The Winds of September 11 2001
Posted by Kim on September 6th, 2007
Much will be written in the next several days about September 11 2001. Not much will top this though.
The wind came when the pillar of fire became, in what seemed a moment outside of time, a pillar of smoke. We had been standing on the Promenade that morning in our thousands watching death rage at the center of a beautiful September morning. It was a morning with a clear and washed blue sky; the kind of rare New York morning when you can believe, again, that anything is possible in that city of dreams that so often dissolve into disappointment.
Anything, of course, except the two towers whose peaks were engulfed in flames.
Anything, it would seem, but what we were seeing.
And it was a morning, as I recall, that had no wind at all. That was why the flames and the smoke from the flames went almost straight up into the sky, a long sooted streak that bisected one side of the blue sky from the other.
It was, except for this one insane thing happening in the middle of our panoramic view from the Promenade, a most beautiful day; made even more so by the absence of any irritating noise from passenger jets overhead.

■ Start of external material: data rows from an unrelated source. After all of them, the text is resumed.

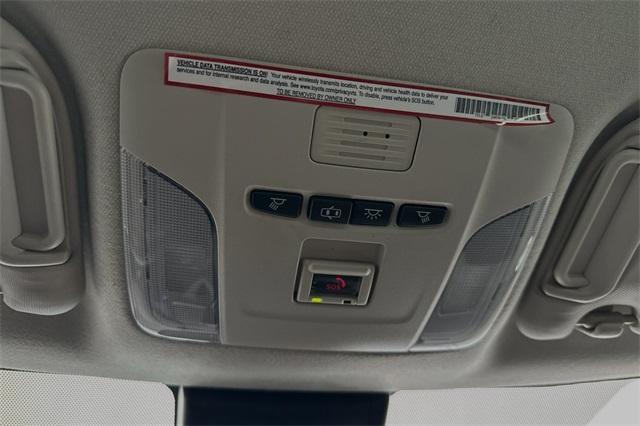 2021 Toyota Corolla Vehicle Photo in ELK GROVE, CA 95757-8703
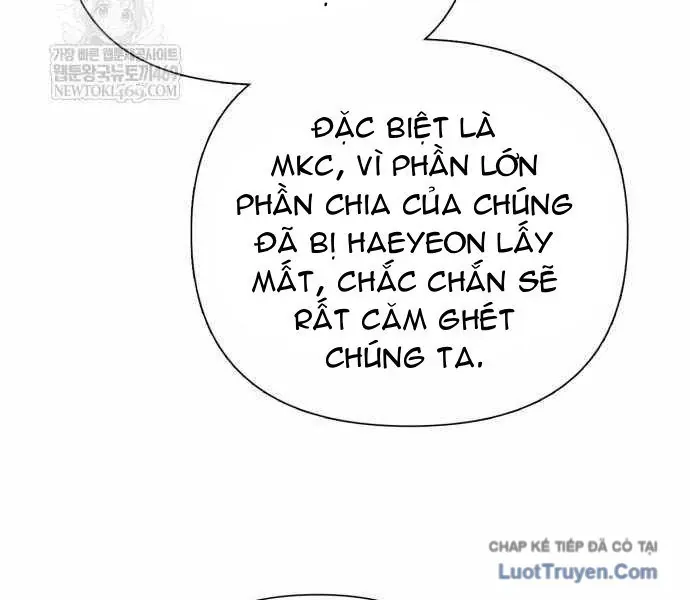 Những Ranker Cấp S Mà Tôi Nuôi Dưỡng Chap 157 - Next Chap 158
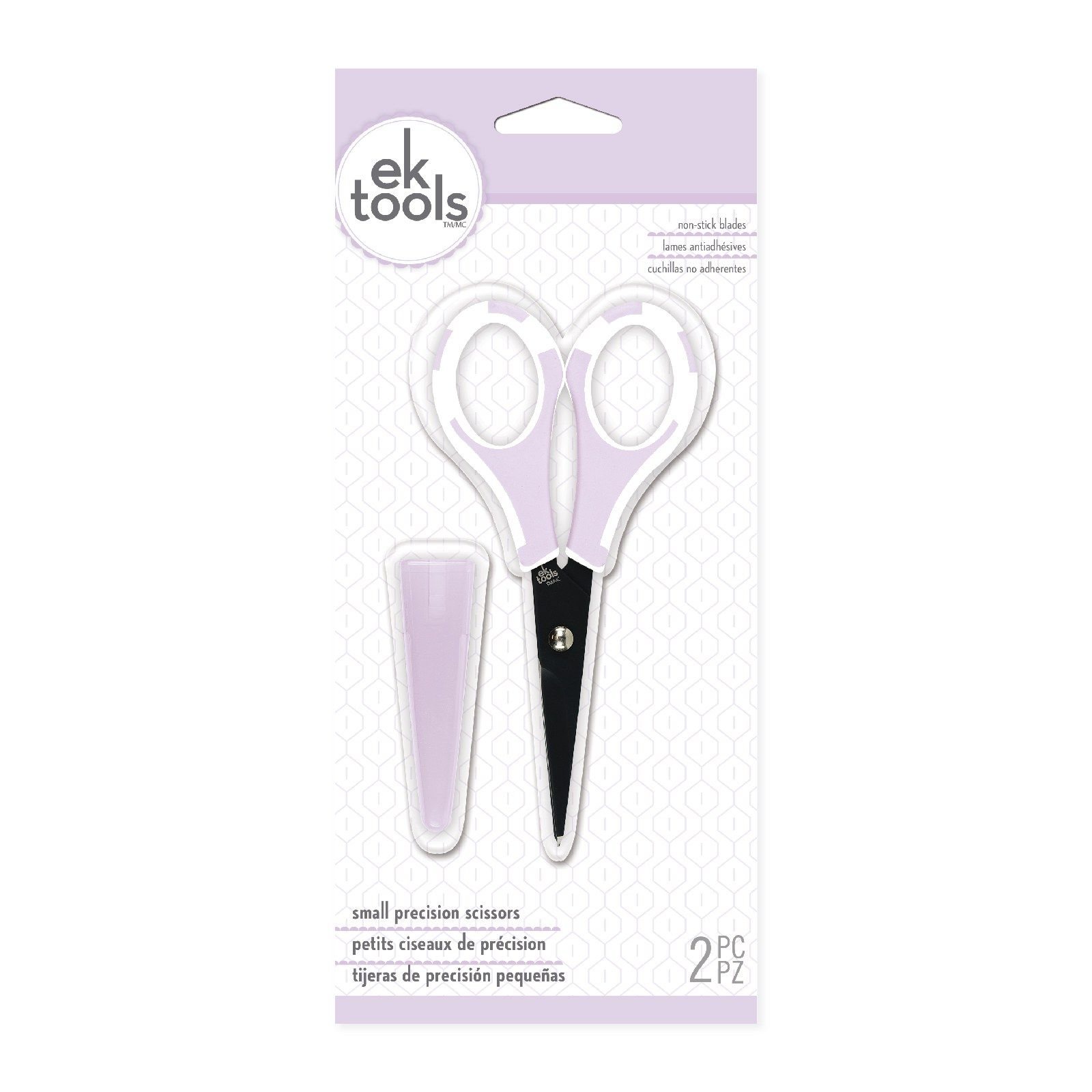 EK Tools • Small Precision Scissors Mint Kopie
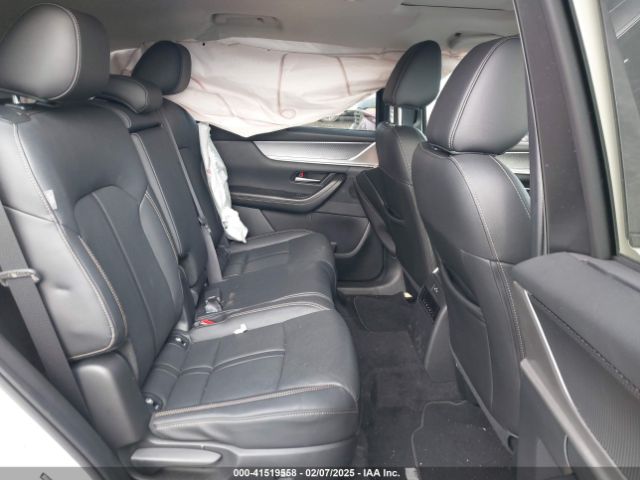 JM3KKCHD1R1149351 Mazda Cx-90 3.3 Turbo Preferred Plus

The last two jets into New York airspace that morning would be the last for days to come. In New York you become so used to the sound of jets overhead in New York that you don’t really hear them. What you did hear on that day was the silence of their absence. When the sound of jets came back later that afternoon it was not the sound of passenger jets but of F-16 fighters, and we were glad to hear them.
But in that mid-morning all we could see and think about were the souls trapped in the twin torches about a quarter of a mile away from us on the other side of the East River.
At a certain point in that timeless time you noticed that specks were arcing out from the sides of the buildings from just above or just below or just within the part that was in flames. Looking again you saw that the specks were people flying out from the building and plunging down the sides to disappear behind the shorter buildings that ringed the towers. You tried to imagine what must have been going on in the offices and rooms to that building that made leaping from 100 floors or more above the ground the “better” option but you didn’t have that kind of space left in your imagination. And so you looked on and watched them leap and distantly, silently fall, locked within that morning that had no time, in which all of what you had known, believed, and trusted in came, at once and forever, to a sudden frozen halt.
And then the first tower came down.
How haunting. Never forget that day because if you do, America’s soul will suffer.








September 10th, 2007 at 1:05 am
… never forget that 19 evil islamomaniac terrorists slaughtered 2,996 American civilian and US military personnel, including 120 foreigners, in three states within three hours on 9-11-01! And over 1,000 victims have yet to be found or identified! They’re not resting in peace nor in a family grave.
~AA11~…~UF175~…~AA77~…~UF175~ GOD, deliver US from evil and LET’S ROLL !!! Amen.